Only the lines from the one that contains "Hyundai Casper 2024 Белый из Кореи, фото 5" through the final line of the entries should be repeated, exactly as written.

*** Material provided Section Begins ***

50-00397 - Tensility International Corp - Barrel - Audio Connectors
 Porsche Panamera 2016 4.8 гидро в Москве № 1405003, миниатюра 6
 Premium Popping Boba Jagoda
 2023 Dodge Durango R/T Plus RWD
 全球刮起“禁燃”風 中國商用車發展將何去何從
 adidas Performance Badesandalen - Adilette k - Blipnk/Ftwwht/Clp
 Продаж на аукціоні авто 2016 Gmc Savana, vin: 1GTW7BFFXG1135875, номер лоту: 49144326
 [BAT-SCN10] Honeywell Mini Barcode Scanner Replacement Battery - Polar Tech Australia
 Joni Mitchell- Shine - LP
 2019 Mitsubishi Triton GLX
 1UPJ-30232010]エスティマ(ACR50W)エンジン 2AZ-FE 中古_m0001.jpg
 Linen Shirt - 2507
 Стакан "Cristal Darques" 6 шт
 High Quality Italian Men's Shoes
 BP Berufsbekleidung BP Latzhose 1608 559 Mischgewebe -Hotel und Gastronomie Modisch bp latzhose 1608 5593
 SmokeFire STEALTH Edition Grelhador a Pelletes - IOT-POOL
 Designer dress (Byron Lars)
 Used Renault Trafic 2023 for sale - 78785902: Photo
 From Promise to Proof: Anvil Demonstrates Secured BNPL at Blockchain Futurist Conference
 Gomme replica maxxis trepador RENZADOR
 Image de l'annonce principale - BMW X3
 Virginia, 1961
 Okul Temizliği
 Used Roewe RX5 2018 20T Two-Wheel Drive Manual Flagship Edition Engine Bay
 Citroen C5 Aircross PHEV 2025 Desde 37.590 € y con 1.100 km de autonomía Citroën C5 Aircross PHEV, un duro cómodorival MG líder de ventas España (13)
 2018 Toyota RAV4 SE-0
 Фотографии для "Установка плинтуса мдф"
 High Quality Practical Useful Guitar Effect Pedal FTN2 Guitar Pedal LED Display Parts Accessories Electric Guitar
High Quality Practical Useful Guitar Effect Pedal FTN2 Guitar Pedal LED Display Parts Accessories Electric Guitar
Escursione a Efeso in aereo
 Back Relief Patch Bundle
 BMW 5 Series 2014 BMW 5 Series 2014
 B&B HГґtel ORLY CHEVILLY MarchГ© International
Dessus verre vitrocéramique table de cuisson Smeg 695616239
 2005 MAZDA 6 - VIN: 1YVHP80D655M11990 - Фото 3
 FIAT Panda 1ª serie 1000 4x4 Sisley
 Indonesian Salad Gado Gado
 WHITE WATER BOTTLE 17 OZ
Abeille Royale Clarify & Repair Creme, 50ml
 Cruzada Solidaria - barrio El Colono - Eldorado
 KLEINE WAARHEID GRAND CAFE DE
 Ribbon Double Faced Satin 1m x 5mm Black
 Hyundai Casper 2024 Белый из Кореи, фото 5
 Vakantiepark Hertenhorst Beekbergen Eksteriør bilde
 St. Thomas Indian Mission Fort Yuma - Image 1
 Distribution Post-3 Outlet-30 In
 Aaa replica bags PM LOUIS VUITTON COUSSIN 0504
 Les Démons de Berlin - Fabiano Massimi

*** Material provided Section Ends ***

**Written solution**
 Hyundai Casper 2024 Белый из Кореи, фото 5
 Vakantiepark Hertenhorst Beekbergen Eksteriør bilde
 St. Thomas Indian Mission Fort Yuma - Image 1
 Distribution Post-3 Outlet-30 In
 Aaa replica bags PM LOUIS VUITTON COUSSIN 0504
 Les Démons de Berlin - Fabiano Massimi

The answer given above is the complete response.